I drove in the main entrance, which seemed like the logical thing to do, and there were no signs. We drove around a bit and still there were no signs. I almost turned the car around and wen home, but we were already there so I figured I’d park and walk around a bit. Luckily, we spotted a couple con-goers and they directed us to the HESC building where the con was being held.
We finally find the con and I plunk down seventy bucks for the memberships, Saturday only for me and a kids ticket for my daughter, and we make our way to the gym. I’ll, for a few seconds after crossing the threshold, I felt like this was truly I-Con reborn. I saw cosplayers walking around and rows of dealers’ tables and I was transported back. But soon I realized it was just a fugazi. There were not even two full rows of dealer tables. A lot of the people seemed to have come to the con dressed at empty seats.
We walked the couple rows of dealer tables. Then we made our way to the kid’s area to check out the “Free Play” time. The kids programs were being held in “Space C” on the gym floor. Space C turned out to be a small area, walled off by curtains with four tables jammed into it. There were no staff there running programs, just a bunch coloring books and crayons on the tables.
We had some time to kill before the panel we wanted to go to, so we walked around some more. The gaming area was pretty much empty. There were a lot of games on the schedule, but I didn’t see many being run. We got a snack and watched some boffer fights for a while.
We decided to give the kid’s area shot again and check out the “Nerdy Puzzles” program. Again, no staff in Space C and apparently “Nerdy Puzzles” was a few boxes of Star Wars jigsaw puzzles left on the table.
When it was time to go to our panel, I noted that there was no map, sign or other indication where the room was. Again, we took to wandering around and found the hallway with the classrooms where the panels were being held. The signs on the rooms with the individual schedules were all printed in small type, necessitating me to maneuver around people in a crowded hallway so I could get in close to read them.

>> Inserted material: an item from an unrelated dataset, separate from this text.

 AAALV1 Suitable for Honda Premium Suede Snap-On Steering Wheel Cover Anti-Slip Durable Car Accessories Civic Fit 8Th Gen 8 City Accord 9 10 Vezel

After our panel, there was nothing else on the schedule that looked interesting, so we walked around a bit more and left. All in all, we spent about four hours there.
It does feel a little churlish to complain about the results. After all I’m sure the con organizers did their best.
Complaints and Excuses
From reading the reactions on Facebook, a good number of people seem to feel that the content delivered by the con did not warrant the price of membership. I don’t care so much about the money. If my $70 goes toward making a better con experience down the road, I’m OK with that. I’m mostly just disappointed in what was delivered.
Here’s a response from the I-Con powers that be about the complaints.
I get the problems they had and I’m sympathetic. But the bottom line is, things weren’t run well and there just wasn’t that much to do. And no matter what your reason is for that, it just doesn’t matter. If your customers are unhappy with your product, it’s not the customers who are wrong.
As for, “If you build it, they will come”, there’s a term for that. Buyers are liars. If you’re relying on that to bring people to your event, you’re already starting out in a hole.”
Next year, in Jerusalem
So, what’s the plan for next time?
I’m not going to ask for my money back or anything. I was happy to see the con back and I’ll go next year (or whenever) for I-Con 33, if there is one. But it’s clear to me that they were just not ready to run a Convention of this magnitude. A lot of things, not having to do with money, just were not done well.
I expect there was a lot of institutional knowledge that was lost in the five year hiatus. There’s no substitute for actual experience.
Given the money issues and other problems, it’s not clear that I-Con has much of a future without the beneficence of SUNY Stony Brook. Maybe the con can return to its roots and run a somewhat smaller con, bigger than the little hotel cons, but not the big con that I-Con used to be.